We specialize matrix coloring and iterating in ArrayInterface.jl for structured matrices including:
DiagonalBidiagonalTridiagonalBandedMatrixBlockBandedMatrixBandedBlockBandedMatrix
The coloring function matrix_colors for structured matrices are overloaded by analytical results assuming all of the valid entries in the structured matrices are non-zero. Therefore, it is several magnitude faster than the default coloring algorithm. It is recommended to use the overloaded matrix_colors as long as the majority of the entries are filled by nonzero values. If not, you could further exploit the sparsity by convert the structured matrix into SparseCSC matrix and apply default coloring algorithm to it.
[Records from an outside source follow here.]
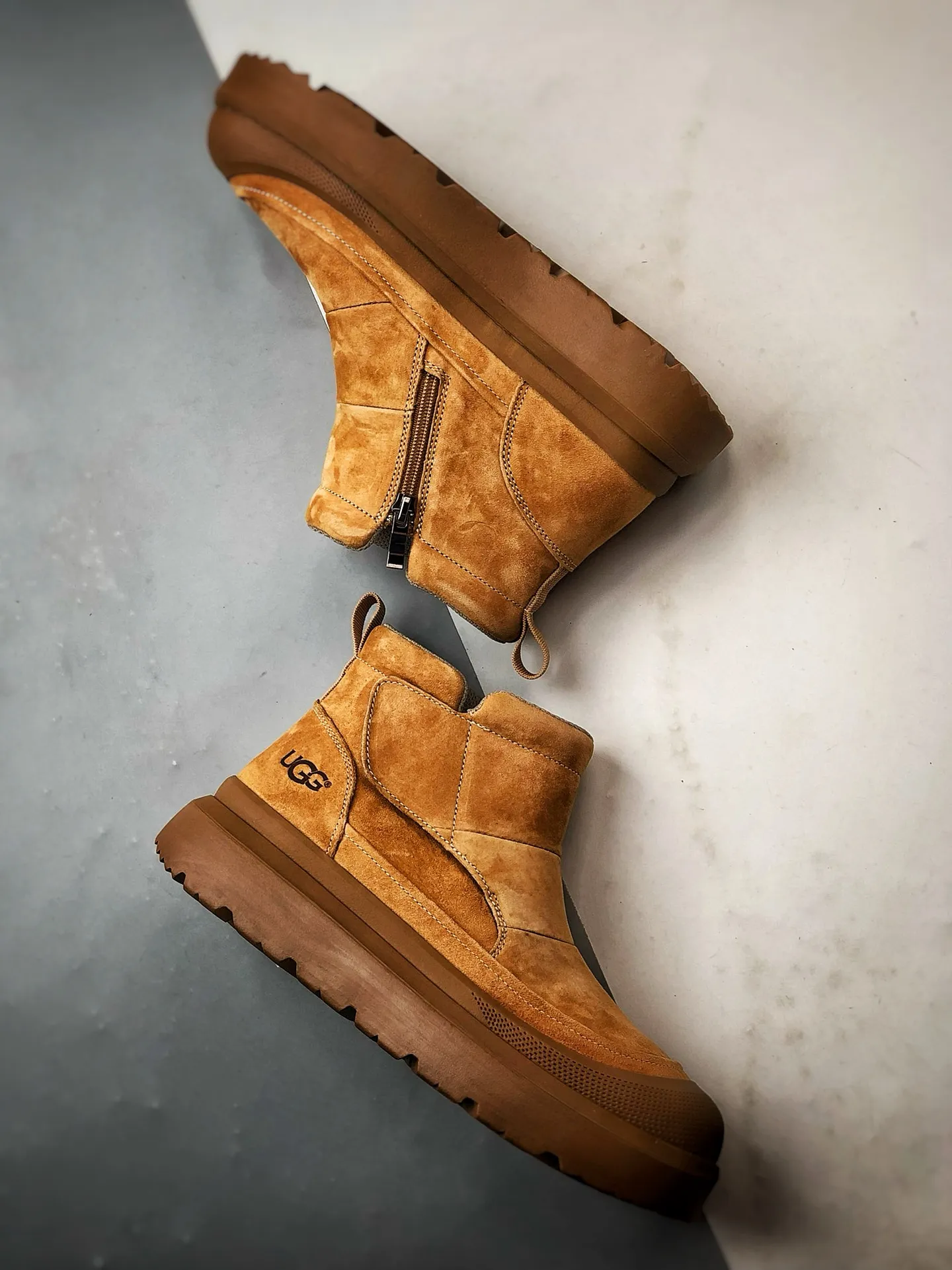 💰560 UGG Tasman Weather Hybrid Tasman hybrid series 2025ss autumn and winter new products Men's high-top thick-soled lightweight casual Martin boots #Purchasing only for quality The fabric is made of imported first-layer cowhide material External high-elastic Modern External non-slip rubber plastic foam ultra-light outsole Side zipper + Velcro design Very easy to put on and take off Made of TPU molded leather upper material #EVA light wing outsole, non-slip, wear-resistant and good elasticity Size: 39 40 41 42 43 44 (leather shoe size)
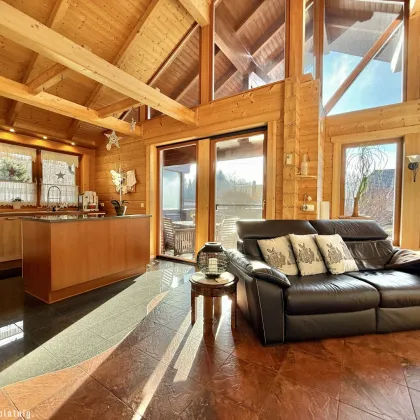TRAUMHOLZHAUS – Stilvolles Wohnen mit Galerie-Schlafzimmer und malerischer Aussicht - Bild 2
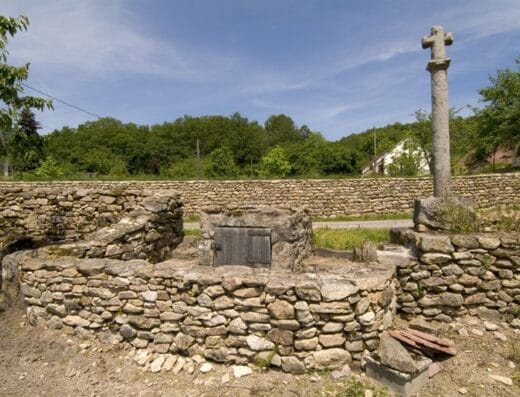 La croix  et  la  fontaine de Villelot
For diagonal (Diagonal, Bidiagonal and Tridiagonal) and banded (BandedMatrix) matrices, their color vectors have a cyclic form: [1,2,...,n,1,2,...,n,...] where n is the bandwidth of the matrix. The bandwidths of Diagonal, Bidiagonal and Tridiagonal is 1, 2 and 3 respectively, so their coloring vectors are [1,1,1,1,1,.....], [1,2,1,2,1,2,...] and [1,2,3,1,2,3,...]. The bandwidth of BandedMatrix is l+u+1 where l,u is lower and upper bandwidth of the matrix (l,u=BandedMatrices.bandwidths(A)). Note that this analytical coloring is not optimal for l<0 or u<0 as Jacobians with this shape could be easily reduced to smaller size.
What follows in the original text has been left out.